The Leftovers has always refused to be easily categorised or even easily followed – before I watched this new season-opener, I was saying to Jed I’d deliberately put it off till the weekend because it required too much concentration to be school night tv. Season 1 was brave, provocative and defiantly, uncompromisingly slow to get where it wanted to go and tell the story it wanted to tell. Having got there, however, (and rewarded the small band of viewers who stuck with it with some of the best tv of the year in the process), season 2 seems determined to go somewhere entirely different, in just as unsettling and challenging a way.

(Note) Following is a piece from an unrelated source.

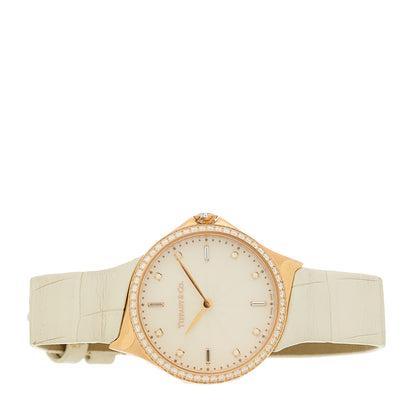 Tiffany 18K Rose Gold Alligator Diamond Bezel 28mm Metro Quartz Watch 2 of 6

On one view, the current trend towards “anthology” tv shows like True Detective or American Horror Story, where a different cast tell a different story each season (either to keep things fresh, secure big-time movie actors for limited time tv projects or manipulate Emmy categories, depending on your point of view) makes this a good time for changing things up in sophomore seasons, even for non-anthology tv. But it still takes a special kind of confidence and courage, especially in a show that already demands a lot of attention and commitment from its audience, to essentially start all over again, both story and character-wise, and expect them to stay with you.
The jaunty, but unnervingly apt new titles and opening theme – “Some say once you’re gone, you’re gone forever; some say you’ll never come back” – are in themselves statements of intent. I’ve heard that some people gave up on The Leftovers because they thought “it’ll never explain what happened.” Of course it won’t. Nor should it. The whole point – at least of season 1 – was the not knowing, and how that affected people. As the new song says, “Think I’ll just let the mystery be.” And the new season, based on this first ep, seems to be saying “and introduce a completely new side of it, while I’m here.”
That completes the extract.